=== Work required ===
No pictures should appear. The lines from the beginning of the listing through the one holding "27082013232019 1651 art" must be reproduced exactly, and nothing more.
◆ ◆ ◆ ◆ ◆ ◆ ◆
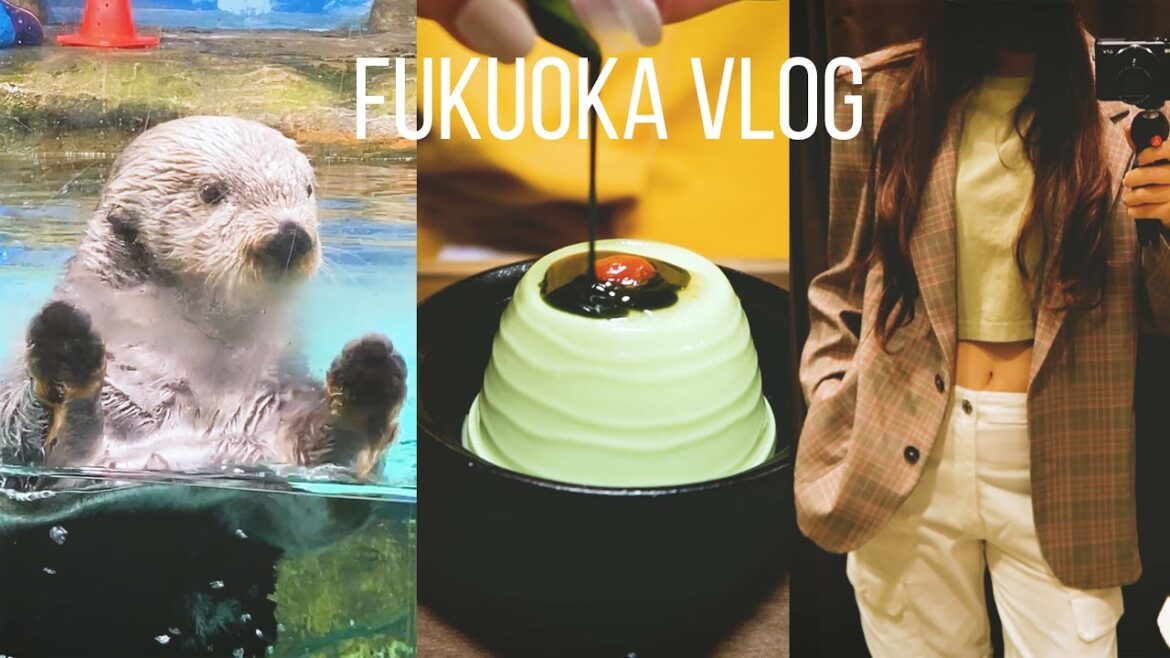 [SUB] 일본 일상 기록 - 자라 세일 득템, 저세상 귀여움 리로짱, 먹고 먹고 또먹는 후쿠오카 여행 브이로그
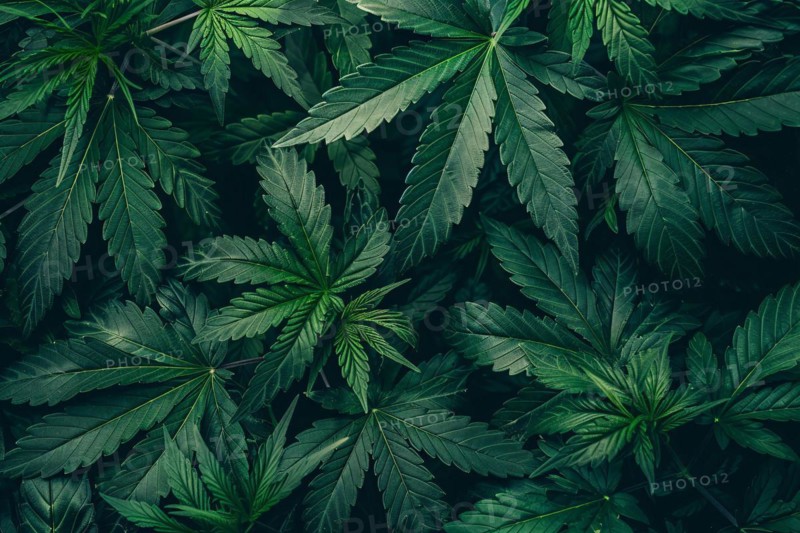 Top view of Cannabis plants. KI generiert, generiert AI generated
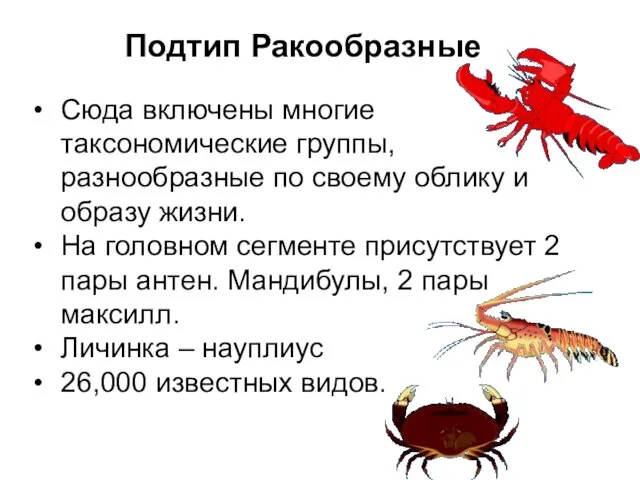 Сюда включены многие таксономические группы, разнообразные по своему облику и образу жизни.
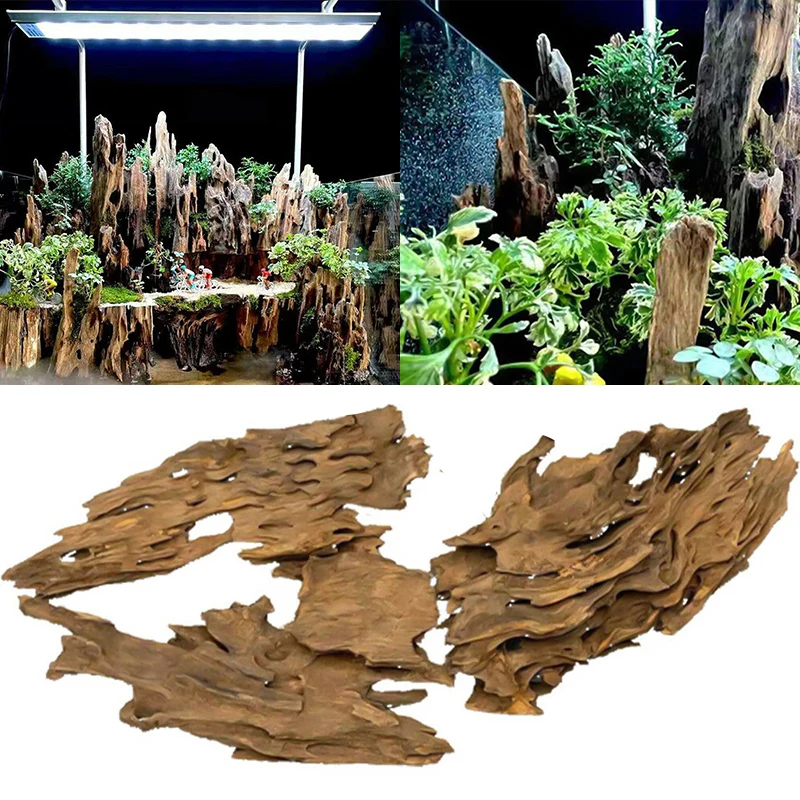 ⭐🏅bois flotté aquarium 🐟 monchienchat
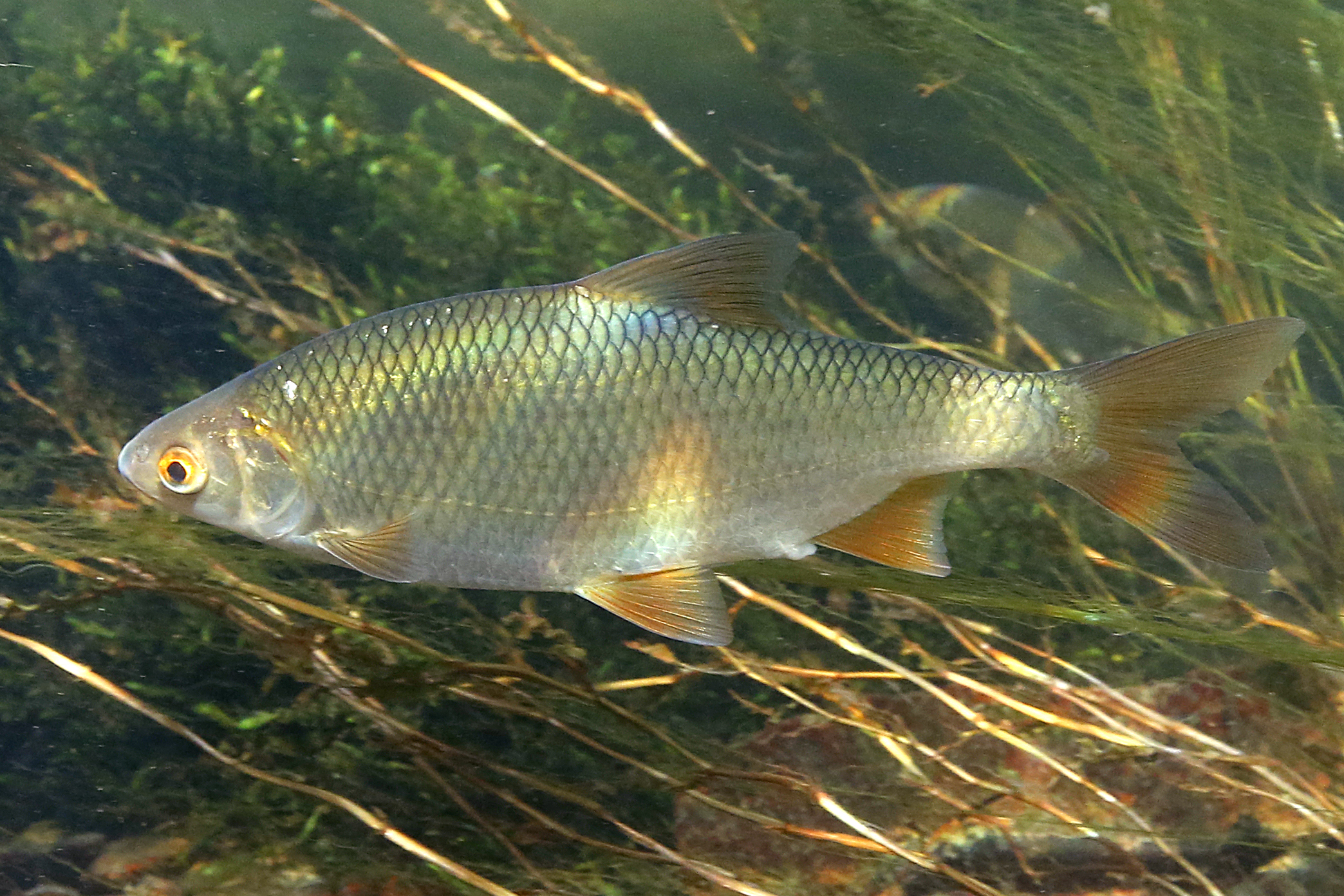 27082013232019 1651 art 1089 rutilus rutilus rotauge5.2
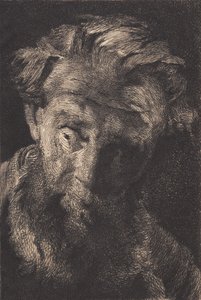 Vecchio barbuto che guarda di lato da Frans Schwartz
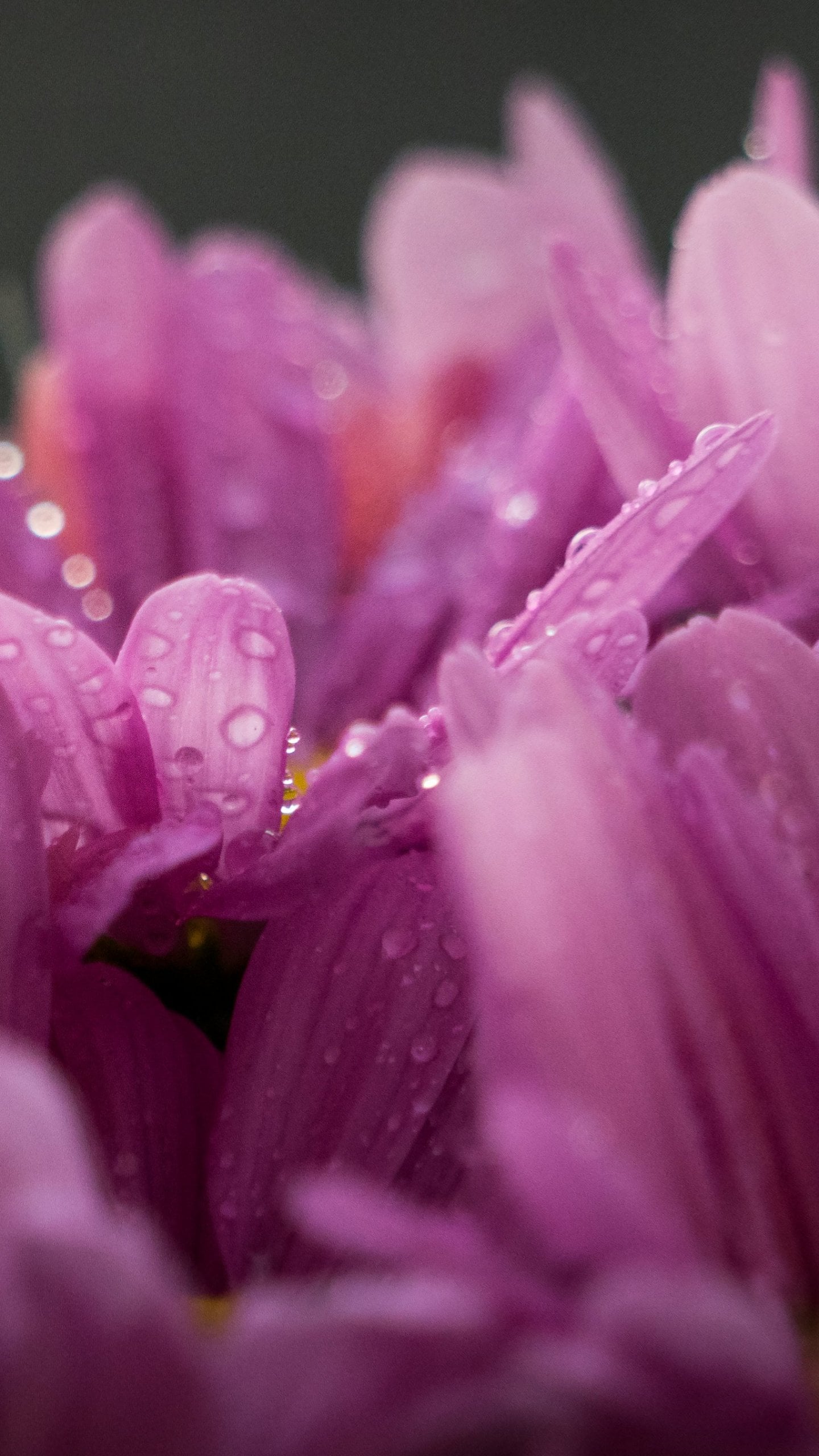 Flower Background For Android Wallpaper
◆ ◆ ◆ ◆ ◆ ◆ ◆
=== Answer box ===
 [SUB] 일본 일상 기록 - 자라 세일 득템, 저세상 귀여움 리로짱, 먹고 먹고 또먹는 후쿠오카 여행 브이로그
 Top view of Cannabis plants. KI generiert, generiert AI generated
 Сюда включены многие таксономические группы, разнообразные по своему облику и образу жизни.
 ⭐🏅bois flotté aquarium 🐟 monchienchat
 27082013232019 1651 art 1089 rutilus rutilus rotauge5.2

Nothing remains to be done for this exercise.